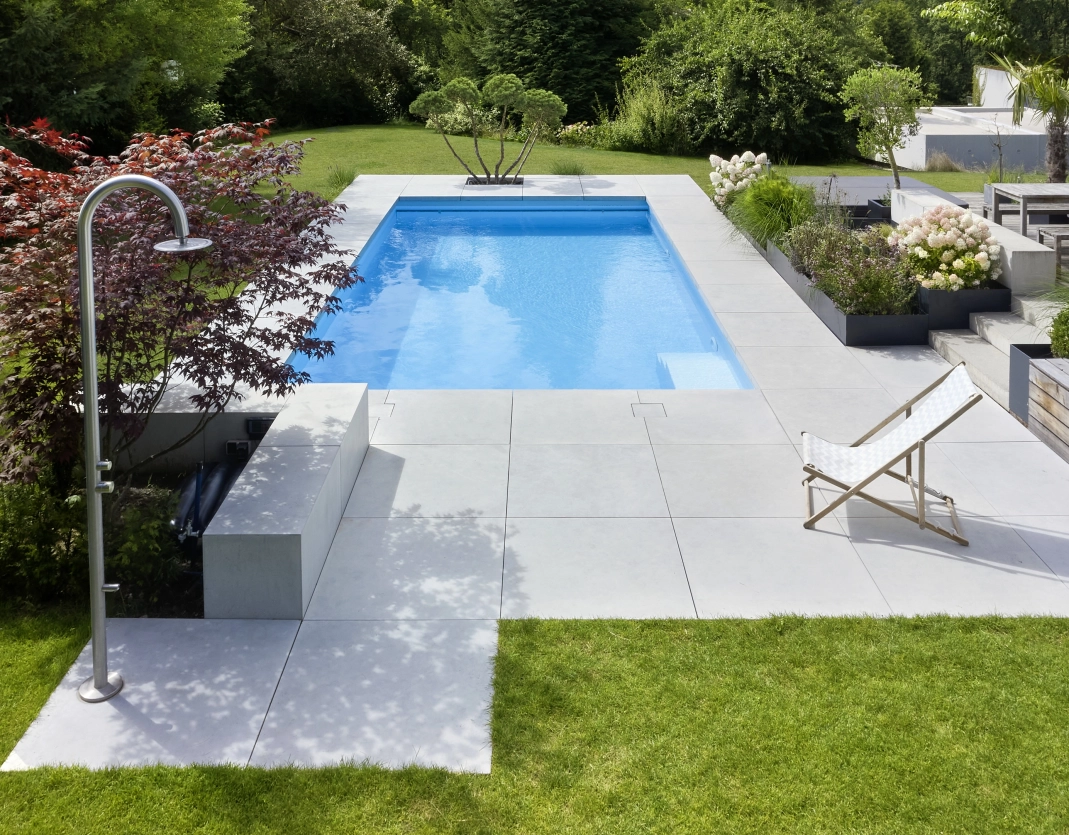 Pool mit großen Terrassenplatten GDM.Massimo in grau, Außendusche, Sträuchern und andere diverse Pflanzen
________
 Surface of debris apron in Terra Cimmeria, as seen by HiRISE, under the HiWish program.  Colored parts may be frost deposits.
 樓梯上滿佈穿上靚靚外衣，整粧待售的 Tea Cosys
________
■ **WHAT YOU SHOULD DO**
In the records above, find the line with "Surface of debris"; write out exactly that line and each one after it, stopping after the line with "樓梯上滿佈穿上靚靚外衣，整粧待售的 Tea Cosys".

■ **ANSWER TO THE PROBLEM**
 Surface of debris apron in Terra Cimmeria, as seen by HiRISE, under the HiWish program.  Colored parts may be frost deposits.
 樓梯上滿佈穿上靚靚外衣，整粧待售的 Tea Cosys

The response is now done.